— WHAT THE EXERCISE ASKS —
What you produce should be every line from the data that includes "watching".

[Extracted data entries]
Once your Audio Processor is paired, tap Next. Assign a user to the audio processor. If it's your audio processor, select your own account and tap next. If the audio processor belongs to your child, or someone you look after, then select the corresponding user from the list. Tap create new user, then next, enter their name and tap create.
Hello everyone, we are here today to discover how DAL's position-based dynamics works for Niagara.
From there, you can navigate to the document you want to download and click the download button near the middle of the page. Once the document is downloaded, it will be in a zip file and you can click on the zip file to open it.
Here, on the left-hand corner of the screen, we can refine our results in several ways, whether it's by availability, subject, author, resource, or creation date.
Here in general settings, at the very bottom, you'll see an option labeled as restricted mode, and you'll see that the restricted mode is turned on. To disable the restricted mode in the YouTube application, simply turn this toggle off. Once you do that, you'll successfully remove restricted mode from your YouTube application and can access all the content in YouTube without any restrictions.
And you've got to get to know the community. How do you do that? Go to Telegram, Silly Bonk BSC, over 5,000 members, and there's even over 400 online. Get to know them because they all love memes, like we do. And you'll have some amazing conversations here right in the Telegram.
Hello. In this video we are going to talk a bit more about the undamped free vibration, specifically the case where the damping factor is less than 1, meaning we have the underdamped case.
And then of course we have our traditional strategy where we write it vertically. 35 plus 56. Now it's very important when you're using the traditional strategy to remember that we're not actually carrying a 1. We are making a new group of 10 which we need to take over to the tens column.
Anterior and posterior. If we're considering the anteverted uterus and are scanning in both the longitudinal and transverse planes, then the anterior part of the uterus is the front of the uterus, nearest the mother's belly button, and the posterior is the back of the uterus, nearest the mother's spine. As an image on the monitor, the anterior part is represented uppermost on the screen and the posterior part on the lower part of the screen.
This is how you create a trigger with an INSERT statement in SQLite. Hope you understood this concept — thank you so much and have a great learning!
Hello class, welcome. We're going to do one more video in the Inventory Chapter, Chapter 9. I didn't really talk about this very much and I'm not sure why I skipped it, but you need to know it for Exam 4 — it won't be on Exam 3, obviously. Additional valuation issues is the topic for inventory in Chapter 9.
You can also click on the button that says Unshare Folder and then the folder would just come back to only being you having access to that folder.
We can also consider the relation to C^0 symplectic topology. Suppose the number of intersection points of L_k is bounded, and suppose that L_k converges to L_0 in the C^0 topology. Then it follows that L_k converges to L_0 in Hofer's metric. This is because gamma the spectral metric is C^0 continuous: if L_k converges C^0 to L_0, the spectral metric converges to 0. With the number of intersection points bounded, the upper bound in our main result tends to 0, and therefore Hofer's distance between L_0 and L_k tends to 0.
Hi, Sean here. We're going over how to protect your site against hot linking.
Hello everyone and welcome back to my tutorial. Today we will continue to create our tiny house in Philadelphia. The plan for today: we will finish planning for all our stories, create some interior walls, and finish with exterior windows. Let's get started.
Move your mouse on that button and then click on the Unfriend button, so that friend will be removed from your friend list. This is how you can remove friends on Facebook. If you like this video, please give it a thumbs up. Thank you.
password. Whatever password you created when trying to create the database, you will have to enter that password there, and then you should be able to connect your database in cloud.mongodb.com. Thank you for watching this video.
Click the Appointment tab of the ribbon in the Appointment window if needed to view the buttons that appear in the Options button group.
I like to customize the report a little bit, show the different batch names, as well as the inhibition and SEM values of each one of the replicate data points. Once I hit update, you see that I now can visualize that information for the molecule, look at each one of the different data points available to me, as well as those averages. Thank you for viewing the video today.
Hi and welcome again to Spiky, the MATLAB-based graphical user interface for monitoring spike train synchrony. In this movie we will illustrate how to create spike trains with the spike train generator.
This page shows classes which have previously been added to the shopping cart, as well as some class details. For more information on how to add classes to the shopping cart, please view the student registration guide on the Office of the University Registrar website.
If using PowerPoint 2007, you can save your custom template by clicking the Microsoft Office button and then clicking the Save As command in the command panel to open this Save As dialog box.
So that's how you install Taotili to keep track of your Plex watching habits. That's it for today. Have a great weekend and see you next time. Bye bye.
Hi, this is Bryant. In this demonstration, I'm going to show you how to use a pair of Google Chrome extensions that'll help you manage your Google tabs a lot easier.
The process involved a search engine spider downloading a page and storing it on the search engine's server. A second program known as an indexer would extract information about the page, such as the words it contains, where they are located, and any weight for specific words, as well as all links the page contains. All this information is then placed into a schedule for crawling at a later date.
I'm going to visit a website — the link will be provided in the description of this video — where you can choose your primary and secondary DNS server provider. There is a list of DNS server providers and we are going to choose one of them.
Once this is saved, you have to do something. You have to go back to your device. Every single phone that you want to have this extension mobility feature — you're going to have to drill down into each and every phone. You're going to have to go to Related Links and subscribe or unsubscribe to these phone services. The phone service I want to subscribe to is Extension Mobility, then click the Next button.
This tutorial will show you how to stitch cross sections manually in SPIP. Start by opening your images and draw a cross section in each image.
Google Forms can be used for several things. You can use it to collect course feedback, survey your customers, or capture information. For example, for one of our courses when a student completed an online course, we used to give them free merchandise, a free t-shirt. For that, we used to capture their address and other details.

— ANSWER AREA —
password. Whatever password you created when trying to create the database, you will have to enter that password there, and then you should be able to connect your database in cloud.mongodb.com. Thank you for watching this video.
So that's how you install Taotili to keep track of your Plex watching habits. That's it for today. Have a great weekend and see you next time. Bye bye.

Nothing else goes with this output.